# VBForums UtilityBank > UtilityBank - Utilities >  .NET 2010 - Multithreading + Trimming TCP/IP Chat + Server

## Teh_VB_Helper

Ello, All. Here's my new Chat Program. It includes a server and a client.
You can download the source, client, and server here.
The source from pastebin(server)here 
The source from pastebin(client) here
You NEED:
.NET 4.0
You MIGHT need:
64 bit OS
-
I also attached the .zip file.

Have fun!!!

P.S.The main server is 69.255.134.68:1989 
Please join it im lonely =P

----------


## TCarter

...Voting "yes" on your own program... Sad story bro.

----------


## camagames

can i use this program in my commercial works?

----------


## thunderroid

WoW Teh_VB_Helper
U made my day
I was searching for a error free chat program for a long time
and somehow i came across this forum
I thought this is another bull*hit program
and as it is a forum, normally it requires to register in order to download files
and i was going to leave, but suddenly out of curiosity i clicked on the attachment and it started download, i began testing ur program and OMG, it works
i played an hour with ur program, and i am happy

then and then i searched my history, find this page, register to this forum, just to say
Thank you
u r the man

-sorry for my bad English

----------


## WisconsinMan

I have to say for a vb.net newbie, this is the first client / server combo, that worked right out of the chute.

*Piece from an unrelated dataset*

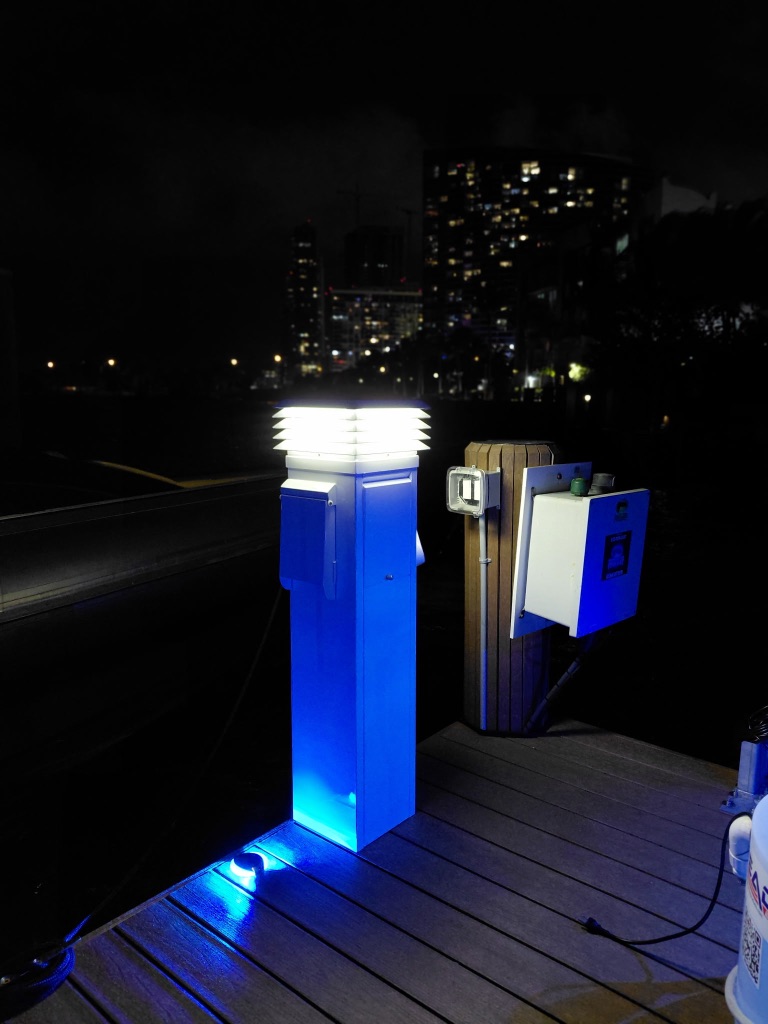 Custom Dock Step Lighting — Bollard Post Light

Nice job! Are you still working on it?

GREAT JOB! And thank you.

----------


## JJBreaker

Thanks, many thanks  :Wink:

----------


## solid2005

how to know where the socket ip stored i want to test how to kick a ip address or a nickname will be kicked.

----------


## cary1234

Thank you so much for this! I really need this for my project, now I can study it thoroughly. MSDN's example is so overkill for me.

----------